David Sursham, Plymouth Marine Laboratory
Improving Marine Ecosystem Understanding and Predictions using a Novel Data Assimilation Technique
CoauthorsStefano Ciavatta, Peter Jan van Leeuwen, Phil Browne
Abstract: The carbon cycle between the ocean and the atmosphere is an important consideration for climate change studies. This cycle is closely linked to the concentration of chlorophyll at the sea surface, as it is a proxy for phytoplankton biomass. Observations of sea surface chlorophyll concentration are available via satellite, which can be assimilated into a biogeochemical marine ecosystem model. The aim of this project is to investigate how to best perform this assimilation.
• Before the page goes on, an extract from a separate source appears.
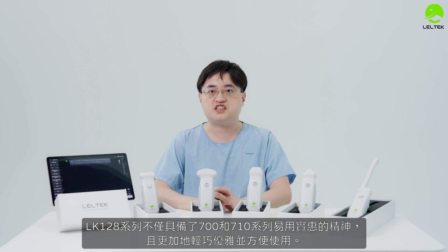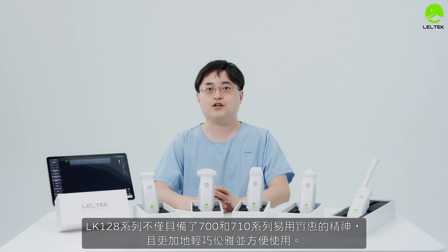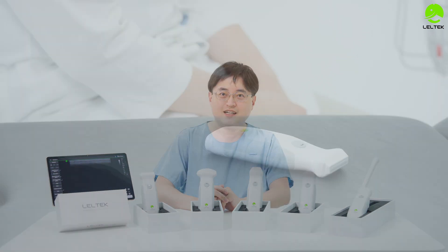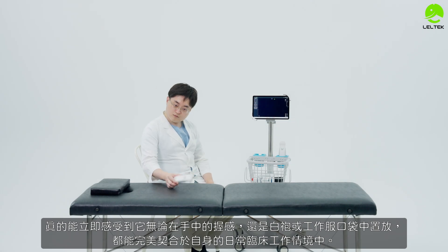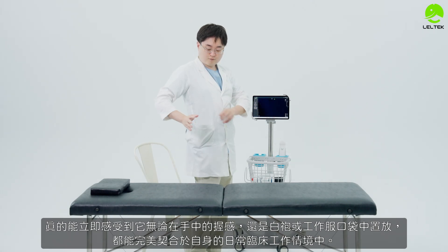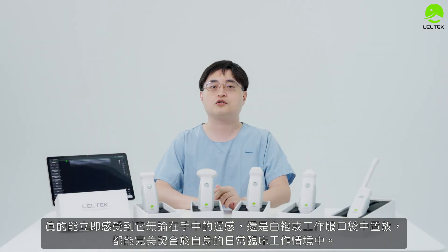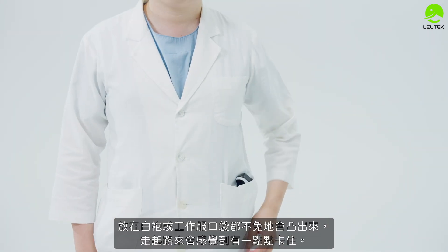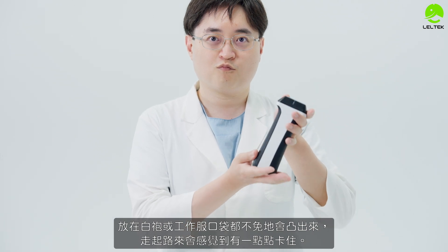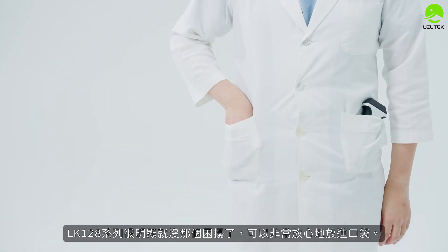The LK-128 series builds on the skills of the 700 and 710 series, but is even easier and more useful. When you first hold the LK-128, it feels natural in the hand — ergonomic all the way, and it will be stored and leveraged comfortably. It is quite practical to use.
In the context of marine biogeochemistry, we are most interested in ensemble-based data assimilation techniques. The effectiveness of these techniques has been investigated by performing twin experiments using the Equivalent Weights Particle Filter (Van Leeuwen, 2010), which is ideal for the treatment of non-linear models, and the Localised Ensemble Transform Kalman Filter (Hunt, Kostelich and Szunyogh, 2007), which performs well in high dimensional systems. For this experiment, these methods have been applied to a non-linear, high-dimensional marine ecosystem model (ERSEM) coupled to a physical model (GOTM).
The outcome of this experiment is to understand the how these data assimilation techniques perform in practice when used with our model. Beyond making a step towards improving the assimilation of surface chlorophyll concentration, these findings may help to inform other modellers about how to perform data assimilation for similar non-linear models.